:: RECORDS SUPPLIED ::
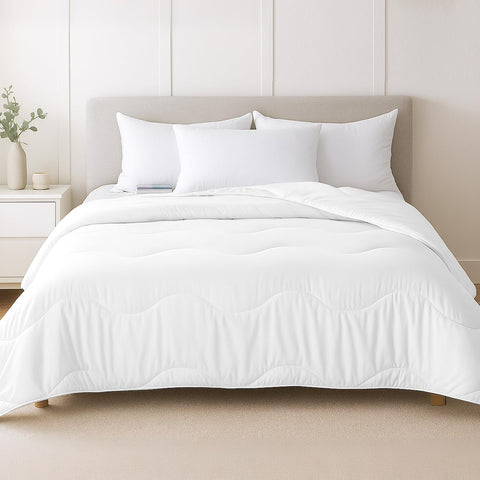MEELUS queen size 88x88 on bed showing generous coverage.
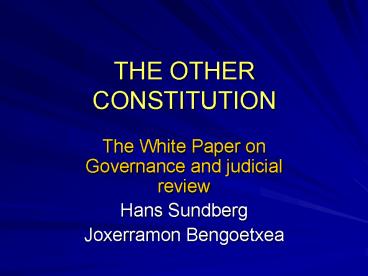 THE OTHER CONSTITUTION
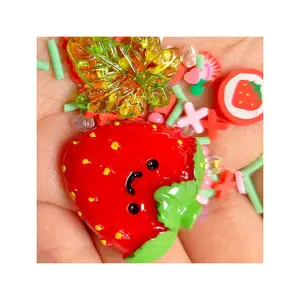 1bag Cute Flatback Stickers Red Strawberry Fruit Charms Kawaii Cabochons Mini Collectibles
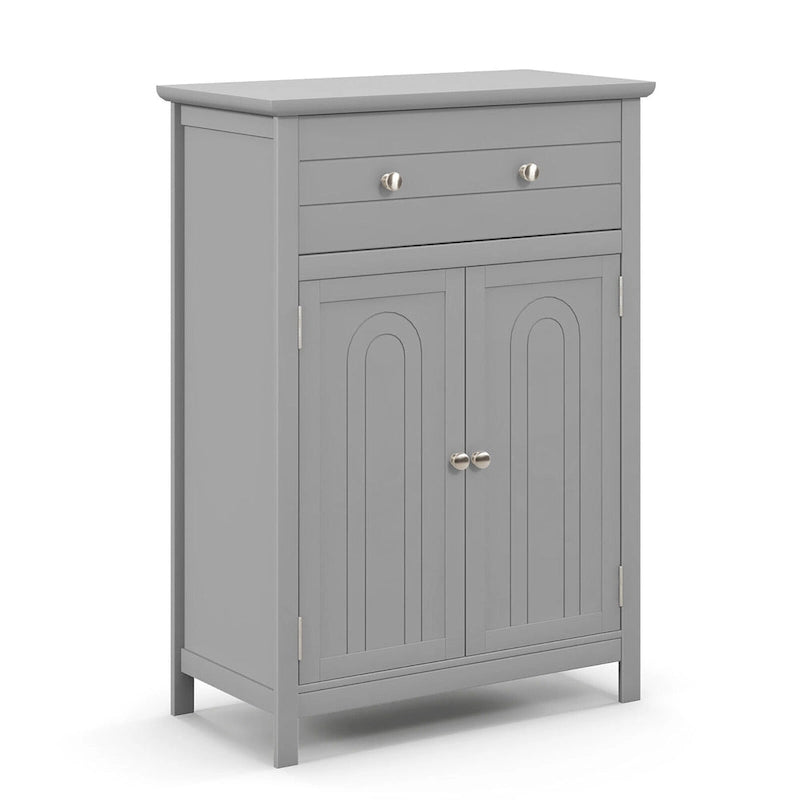 Bathroom Floor Cabinet Wooden Storage Organizer with Drawer &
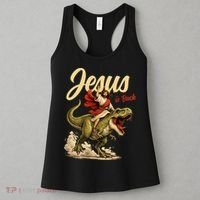 Jesus Is Back Sarcasm Funny Dinosaur Women's Tank Top thumb 3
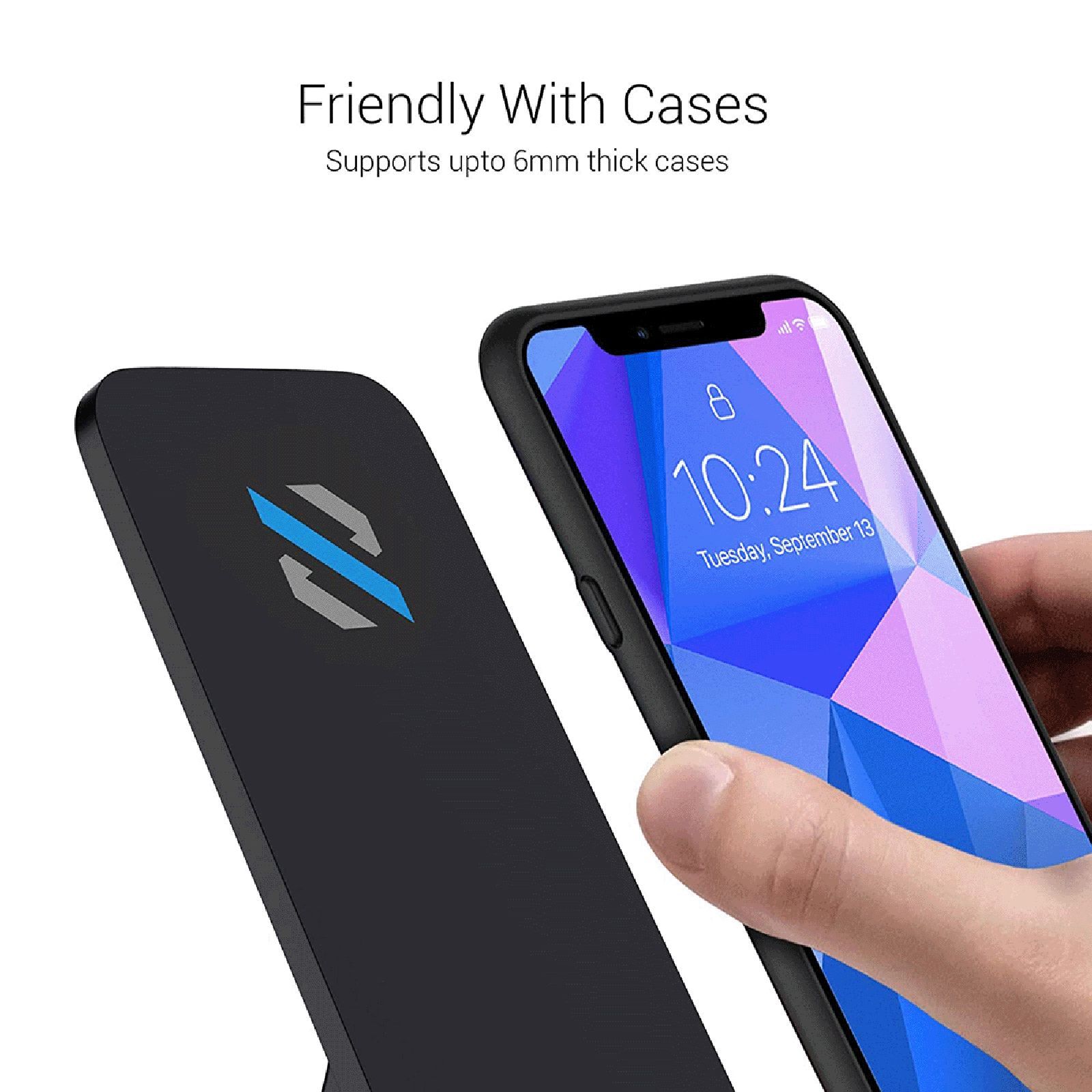 SKYVIK Beam 2 15W Wireless Charger for iPhone and Android (Qi Certified, Dual Coils, Black)_6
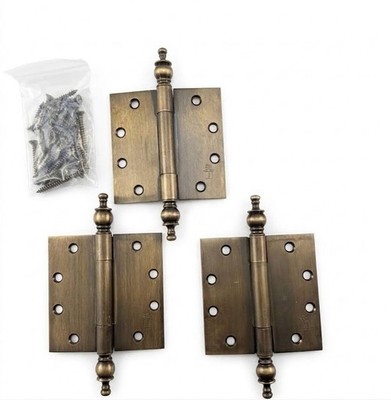 Hager Companies Solid Brass Architectural Door Hinge W/Urn Tip 4.5x4.5 Set of 3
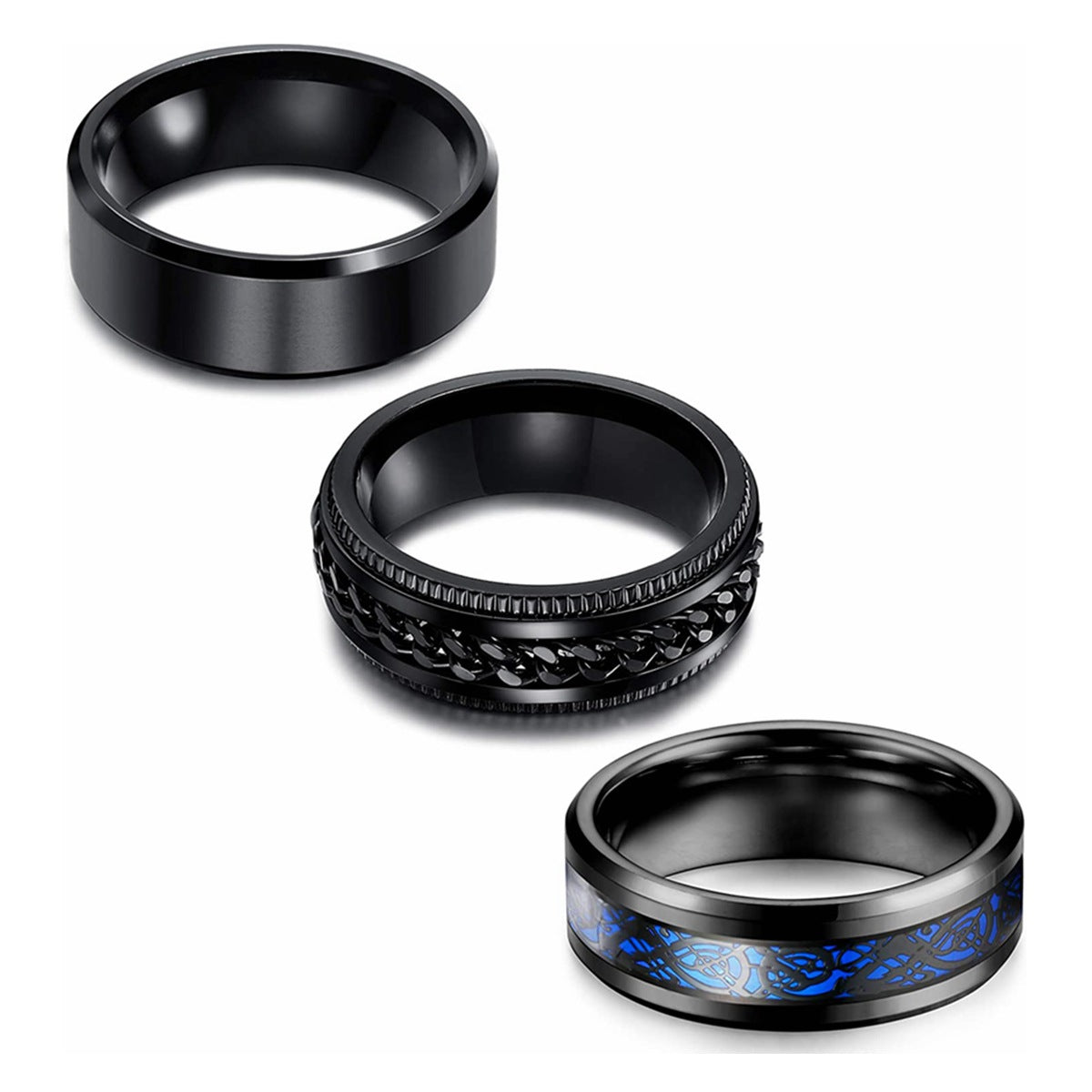 Rotating Titanium Steel Ring Set - Stylish Men's Jewelry Collection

:: TRY IT ::
From the line containing "Bathroom Floor Cabinet" to the last line of the entries, copy every line exactly, including both ends, and leave out the pictures.

:: TASK RESPONSE ::
 Bathroom Floor Cabinet Wooden Storage Organizer with Drawer &
 Jesus Is Back Sarcasm Funny Dinosaur Women's Tank Top thumb 3
 SKYVIK Beam 2 15W Wireless Charger for iPhone and Android (Qi Certified, Dual Coils, Black)_6
 Hager Companies Solid Brass Architectural Door Hinge W/Urn Tip 4.5x4.5 Set of 3
 Rotating Titanium Steel Ring Set - Stylish Men's Jewelry Collection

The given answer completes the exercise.